ACTION ITEM:
What's needed is an exact copy of the lines from the one that contains "this 640×427 image." to the end of the data below, leaving the pictures out.
Segment Start: DATA PROVIDED
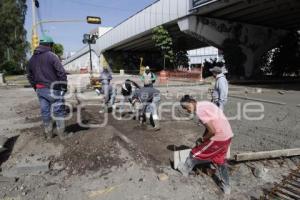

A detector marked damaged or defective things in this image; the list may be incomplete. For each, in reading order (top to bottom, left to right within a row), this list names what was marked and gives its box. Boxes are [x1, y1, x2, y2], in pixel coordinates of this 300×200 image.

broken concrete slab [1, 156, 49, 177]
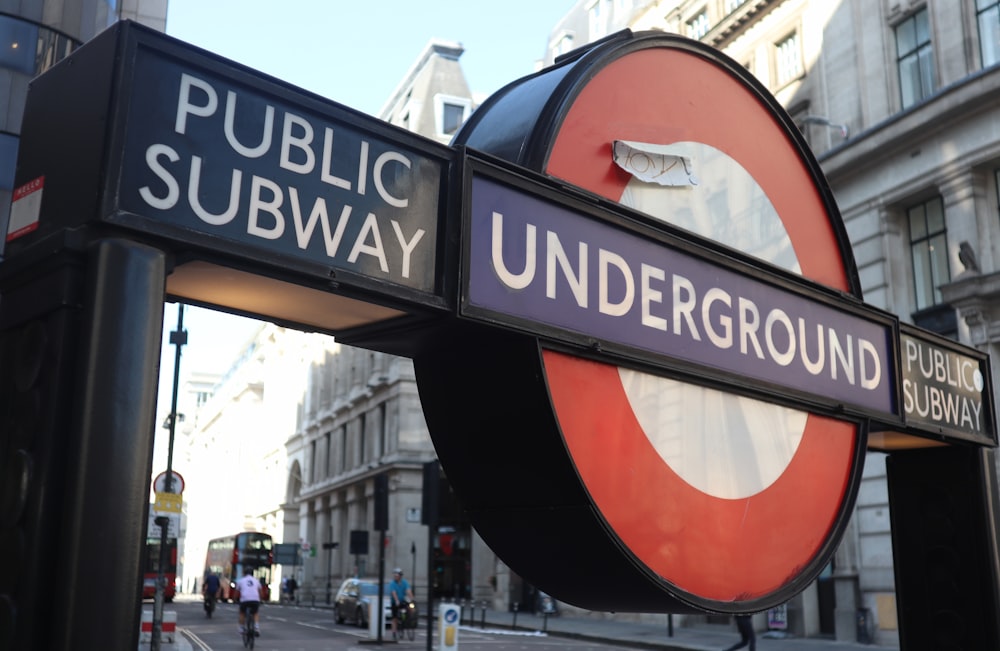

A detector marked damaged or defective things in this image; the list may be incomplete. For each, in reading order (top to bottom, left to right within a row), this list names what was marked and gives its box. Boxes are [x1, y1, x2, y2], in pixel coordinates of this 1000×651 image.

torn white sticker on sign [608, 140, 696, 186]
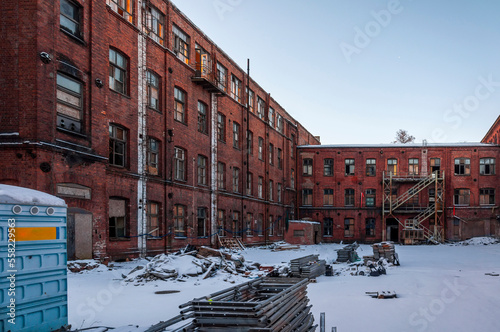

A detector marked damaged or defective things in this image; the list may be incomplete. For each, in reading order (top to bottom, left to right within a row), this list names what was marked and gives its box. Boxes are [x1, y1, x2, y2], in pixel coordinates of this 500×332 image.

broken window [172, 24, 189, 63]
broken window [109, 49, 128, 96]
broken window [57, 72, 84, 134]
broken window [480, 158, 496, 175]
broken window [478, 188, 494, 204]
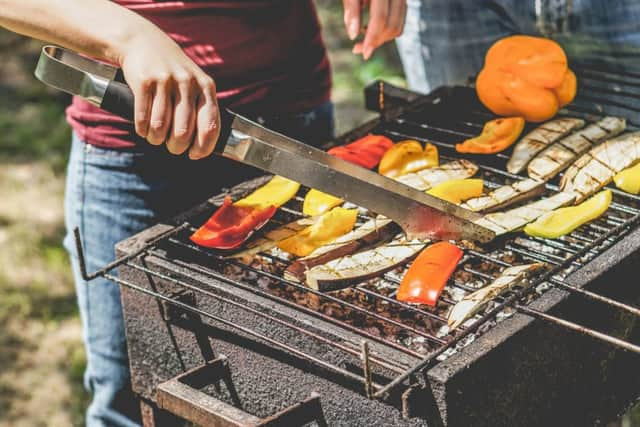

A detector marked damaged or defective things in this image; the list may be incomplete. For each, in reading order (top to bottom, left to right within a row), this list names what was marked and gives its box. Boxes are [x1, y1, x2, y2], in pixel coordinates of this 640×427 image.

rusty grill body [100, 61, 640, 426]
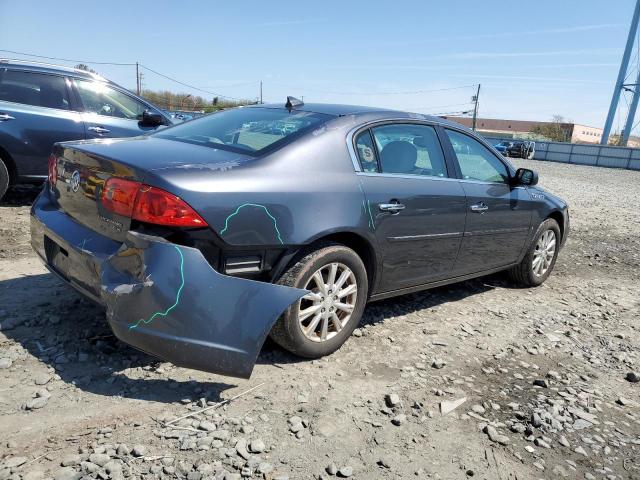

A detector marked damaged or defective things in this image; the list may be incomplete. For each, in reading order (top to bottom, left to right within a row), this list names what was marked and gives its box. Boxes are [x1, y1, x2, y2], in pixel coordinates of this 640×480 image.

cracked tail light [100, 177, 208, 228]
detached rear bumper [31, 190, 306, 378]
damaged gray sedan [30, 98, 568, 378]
Segment End: DATA PROVIDED
TASK SOLUTION:
A detector marked damaged or defective things in this image; the list may be incomplete. For each, in reading order (top to bottom, left to right within a row), this list names what was marked and gives its box. Boxes are [x1, y1, x2, y2], in pixel coordinates of this 640×427 image.

rusty grill body [100, 61, 640, 426]

A detector marked damaged or defective things in this image; the list may be incomplete. For each, in reading order (top to bottom, left to right within a row), this list names what was marked and gives its box. Boxes are [x1, y1, x2, y2], in pixel coordinates of this 640×480 image.

cracked tail light [100, 177, 208, 228]
detached rear bumper [31, 190, 306, 378]
damaged gray sedan [30, 98, 568, 378]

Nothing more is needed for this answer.